On dit souvent que la force de Daniel Bryan est d’incarner une sorte de monsieur tout le monde dans lequel tout fan pourrait s’identifier facilement. Son look, sa simplicité apparente y participent. Tout comme sa taille, d’une effroyable normalité dans un univers où la surenchère physique est permanente. Mais le public de la WWE tient-il tant que ça à s’identifier à ces super héros en slip de cuir qui ferraillent sur les rings de Stamford chaque semaine ? Ou préfère-t-il rêver de muscles parfaitement dessinés, de champions culminant aux alentours des deux mètres, au corps parfait et consciencieusement huilé ? Le fait que la fédération des McMahon exagère les mensurations de ses athlètes (les poids et les tailles sont aussi kayfabe) est un élément de réponse ; la norme n’est pas la norme dans le Connecticut. Osons un rapprochement audacieux : la France ne veut pas d’un président normal, pas plus que les suiveurs de la WWE ne veulent de monsieur tout le monde ceinture suprême autour des hanches.

 

Bonjour, je m'appelle John Doe et Daniel Bryan est mon inspirateur. J'ai décidé de devenir Champion WWE et d'incarner à mon tour la Monsieur Tout le Monde Era.
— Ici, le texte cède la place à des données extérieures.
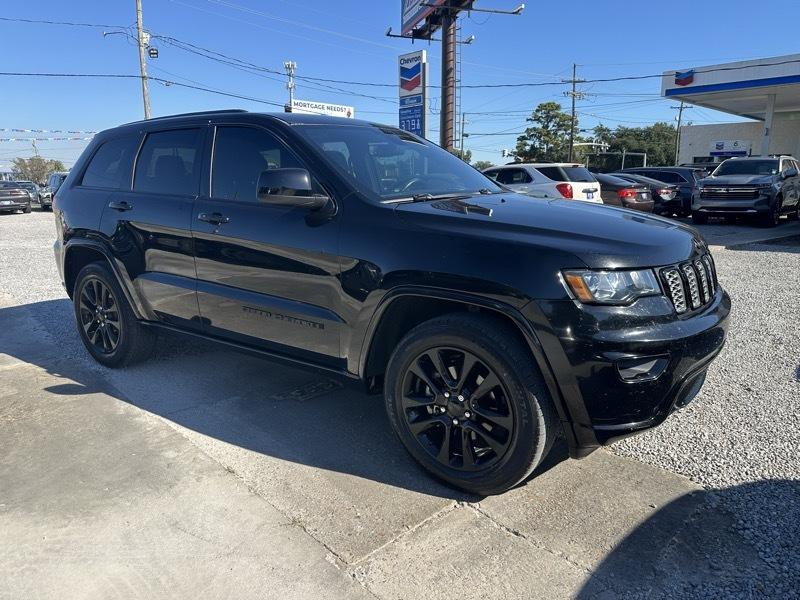 Jeep Grand Cherokee Laredo 2WD 2019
Tout le monde me dit que j'ai un certain talent pour ça.

 

 

Métaphorons toujours un peu plus : le public accepte la victoire de David contre Goliath. Rey Mysterio a par exemple battu bien plus grand que lui. Mais à la WWE, neuf fois sur dix, c’est le géant de l’Ancien Testament qui l’emporterait contre le berger D-Bryan. Le WWE Universe achète l’exploit d’une miniature, mais à la condition qu’il ne soit pas renouvelé semaine après semaine. En ce sens, l’American Dragon régnant sur la plus grosse fédération de catch au monde jusqu’à en devenir le visage, ce ne serait probablement pas très bon pour le business. Et c’est pourquoi Daniel Bryan devra peut-être se contenter de quelques titres WWE arrachés çà et là et de règnes relativement courts, avec pour « compensation » une ribambelle de trophées « secondaires » accrochés à son tableau de chasse. À la manière d’un Chris Jericho (neuf breloques IC contre cinq titres mondiaux « seulement ») ou d’un Rey Mysterio (trois ceintures de champion du monde à son actif), le Dragon pourrait bien à l’avenir souffrir de la concurrence de plus costaud que lui. Et faire les frais d’une « banalité » peu attractive sur le long terme.

 

 

Bastonné par des rookies lowcarders dans un couloir, le depush a commencé pour le Dragon de papier.

 

 

Vous l’aurez compris, du moins je l’espère : sous les sarcasmes de cette lettre ouverte se cache une grande admiration pour l’ex-Petit Prince du circuit indy et un profond respect pour tout ce qu’il a déjà accompli. Ce qui ne doit néanmoins pas faire oublier l’essentiel : à la WWE, comme dans la vie sportive, le talent pur ne suffit pas toujours. L’apprentissage est long, la route difficile, construite d’étapes à franchir patiemment et parsemée de concurrents qui ont leur mot à dire. D’autant plus quand ils doivent baisser la tête pour regarder le Dragon droit dans les yeux. Et c’est sur cette dernière taquinerie que nous conclurons cette réflexion ô combien politiquement incorrecte, du moins si j’en crois les réactions outrées d’une bonne partie de notre lectorat le plus smart. Car c’est aussi une des missions des Cahiers du Catch : combattre sans relâche le politiquement correct, où qu’il se niche.

 

 

Léonarda, enfin de retour en France pour la fashion week.